A small congregation of people gathered at the Dakota Tavern this past Tuesday, unsure of what lied in store for the night. They had come for the fourth in a series of five sold-out Basement Revues this December hosted by Jason Collett. The Basement Revues are typically a surprise – Collett claims that this tradition is not because he and co-curator Damian Rogers strive for mystery, but rather because they “don’t have their shit together” and performers are often thrown together at the last minute. Still, the event has been a success for many years. In fact, if you ask Collett, 2014 marks the seventh straight year that he has put on the event (though others will contend that it’s the eighth).
Earlier this month, he broke tradition and announced the lineup (which included Kevin Drew, Gord Downie, and A Tribe Called Red) in advance of a larger show held at The Opera House to raise awareness for missing First Nations women. But whether a result of disorganization or not, the lineups of Collett’s other more intimate Revues, however, each of which features of a different mix of local musicians and writers, have remained unannounced. The mystery lends itself well to eliminating the barriers between audience members and performers.

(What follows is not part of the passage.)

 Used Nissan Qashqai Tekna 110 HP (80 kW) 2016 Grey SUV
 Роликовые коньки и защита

This is furthered by the cozy ambiance of the Dakota Tavern, which served as a warm venue for the celebration of the Toronto arts community and local talent. Indeed, I could literally (and probably did) rub shoulders with many of the evening’s performers.

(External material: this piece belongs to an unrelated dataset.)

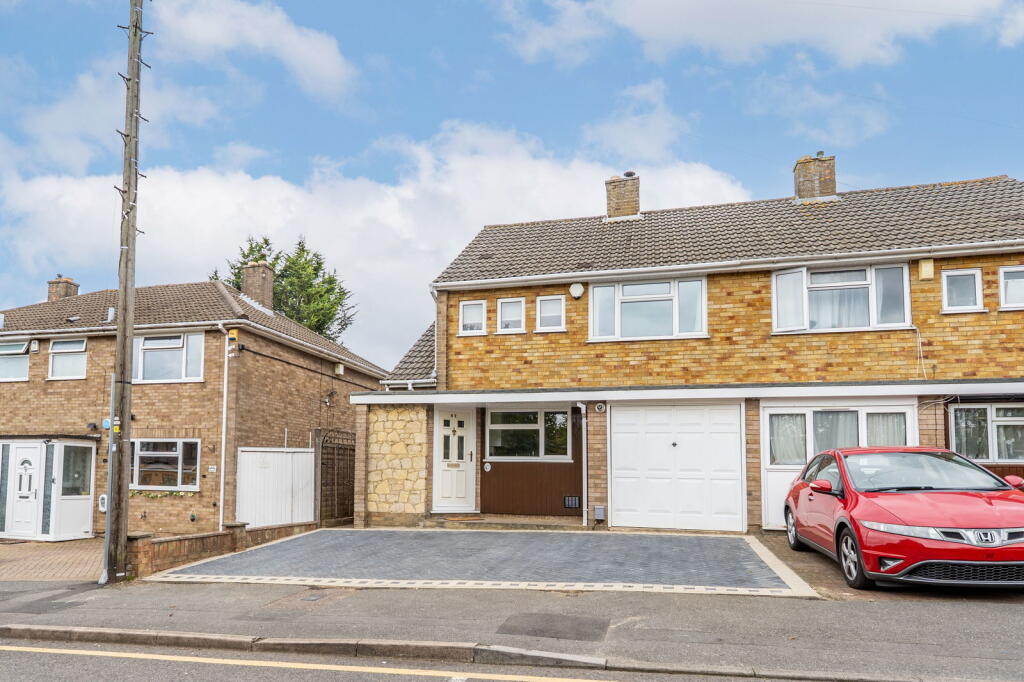 Main image of property: Beaconsfield, Luton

Though a prolific musician in his own right, Collett opened with only three songs of his own and quickly moved on to introduce writer Emma Healey as his first guest. She read a handful of charming and winsome poems: “The National Student Loans Centre, Not Calling You” and “The National Research Council Official Time Signal”.

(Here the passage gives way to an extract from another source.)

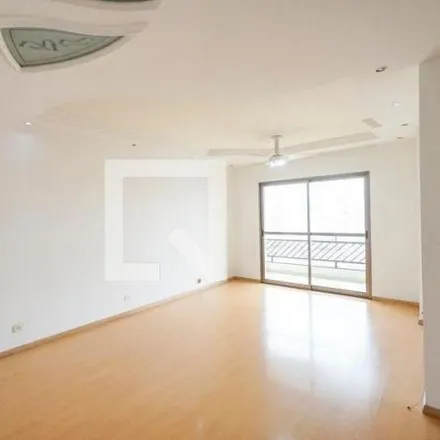 Rent this 3 bed apartment on Edifício Itapuã in Rua Padre Antônio de Sá 264, Vila Azevedo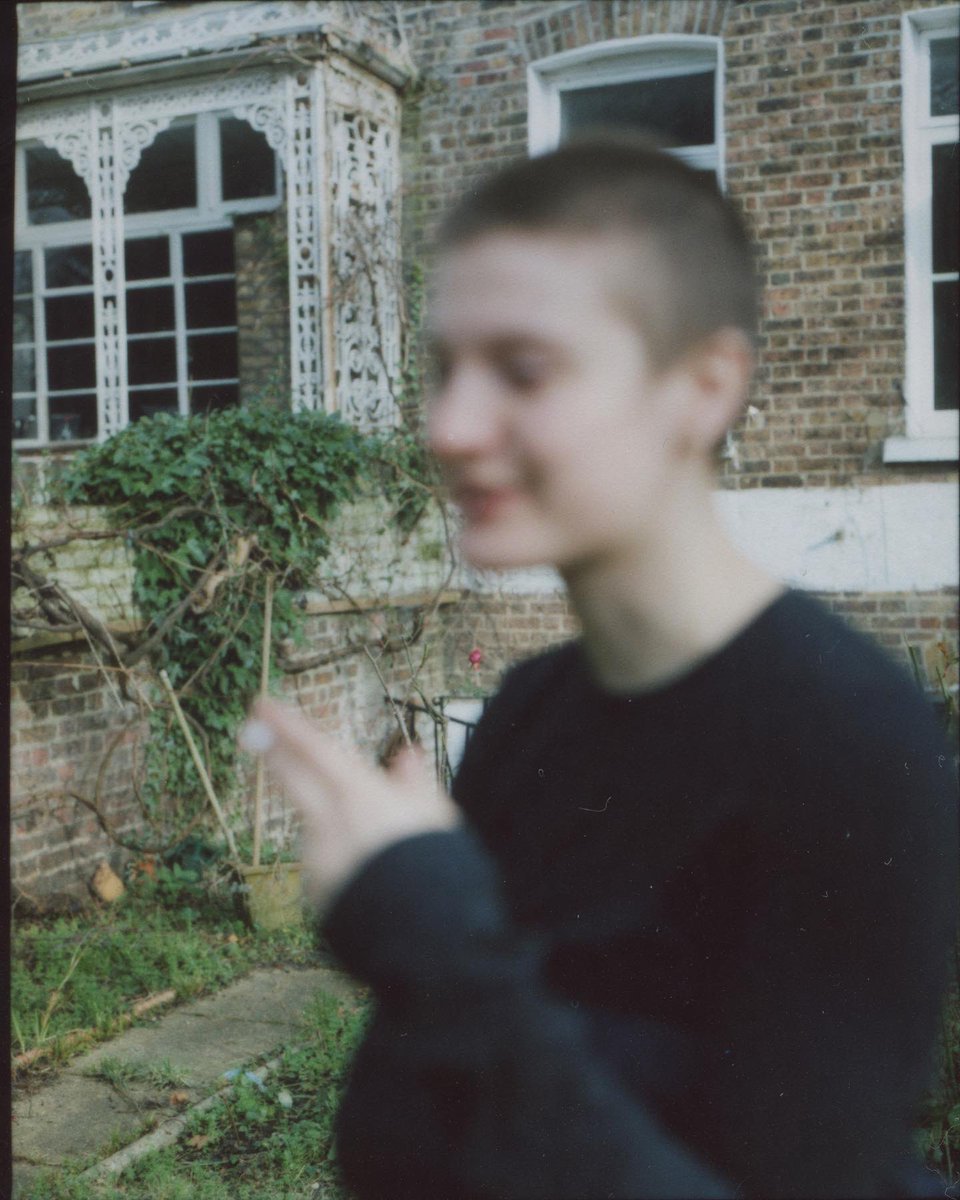 AnnaVBest's tweet photo. South London portraits #annavictoriabest https://t.co/54sTWVJ2hM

Next up was Felicity WIlliams, accompanied on stage by guitarist Justin Haynes and vibraphonist (!) Michael Davidson. Williams, known for her work with Toronto’s beloved Bahamas, offered up a couple songs. She opened with “Common Girls”, a tribute to her favourite coffee shop “The Common” on Bloor and closed with her breathy and lovely rendition of Neil Young’s “Philadelphia”.
Writer David Balzer (also Associate Editor of Canadian Art magazine) followed with another reading of (dare I say curated?) selections from his recently published book Curationism: How Curating Took Over the Art World and Everything Else.
After a short intermission, Collett took the stage again with a stripped down version of the mellow favourite “Blue Sky” from his Motor Motel Love Songs.
Co-host Damian Rogers read a collection of poignant and dark poems. Of note was “Dear Leader”: “Is he revisiting the vines of Vietnam, or caressing his cache of semi-automatics, the collection he kept in case of coup?” Rogers read her poems with a tone much lighter their subject matter, but recognizing the grim nature of her work, apologized profusely all the same.
Julie Doiron came on donning a Herman Dune t-shirt (a nod to her friend and frequent collaborator). “Will You Still Love Me in December” was beautiful in its gentle desperation. Later, she and proclaimed best friend Will Kidman sang a playful cover of Sam Cooke’s “Bring It On Home To Me”.
The night ended with Michelle McAdorey, honoured with the longest set of the night consisting of four songs.
Just around midnight, Collett, who all night stood listening just several feet away from the stage, thanked the crowd for their support. We’re looking forward to the eighth (or ninth) Annual Basement Revue in 2015.